What's your definition of a catastrophic engine failure? On the outside, this 5.2-liter V-10 from an Audi S6 doesn't look terrible. It sat outside without an intake manifold, but that doesn't mean the internals are junk. But they are. In fact, just about everything inside this engine is scrap metal.
That's the conclusion reached by the I Do Cars channel on YouTube. Little is known about the engine other than it came from an S6, but signs of trouble come early in this teardown. Just three minutes into the hour-long clip we see a smashed spark plug, likely caused by a wayward piston or some errant chunk of metal finding its way into the combustion chamber. And it only gets worse from there. Much worse.

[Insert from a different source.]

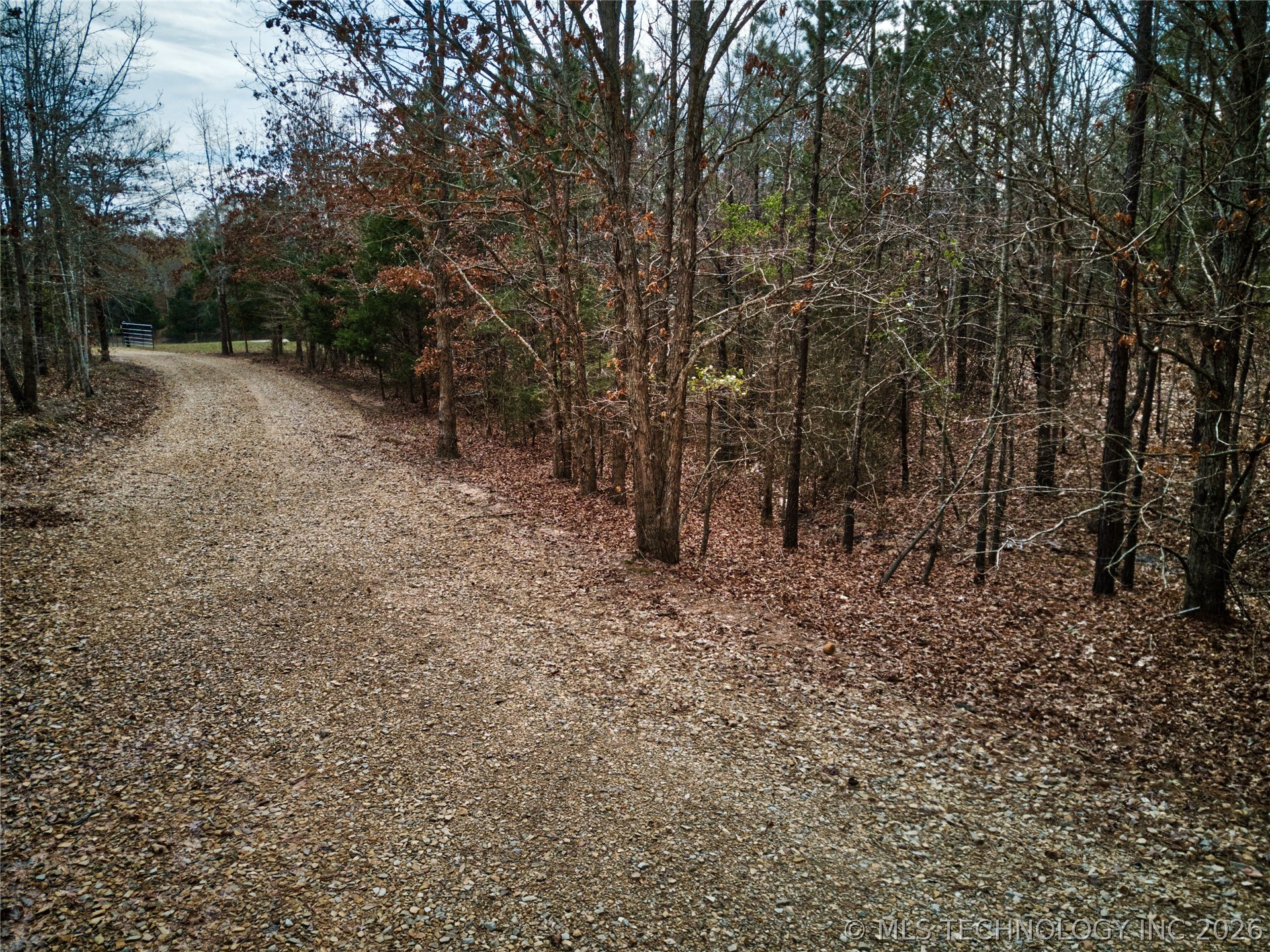 2043 E 2000 Road Hugo OK 74743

The next sign of trouble comes with metal fragments found in the upper timing covers. Once the main timing cover comes off we find a loose chain and a timing gear literally snapped off. It's unclear if the gear caused the failure or was a victim of the carnage. And there's carnage. A lot of it.
That really comes to life once the heads are off. The first head reveals a piston cracked in half. Perusing the second bank of cylinders finds one piston is simply missing. Not only that, the cylinder wall looks like it was hit with 12-gauge buckshot. Once the oil pan comes off we finally see the true extent of the damage. Chunks of metal—most of which looks like the missing piston—litter the pan, but scrapes and gouges are seen everywhere inside the block. It's even cracked near the wrecked cylinder.
So what happened? Oil starvation is ruled out; the bearing surfaces looked good. Hyrdolocking is a possibility, and heavy varnish in the heads suggests the engine wasn't maintained very well. None of these are the proverbial smoking gun, though, so this mystery remains unsolved.
Not that it matters at this point. The extent of the damage means nothing of value can be salvaged from this rare Audi V-10.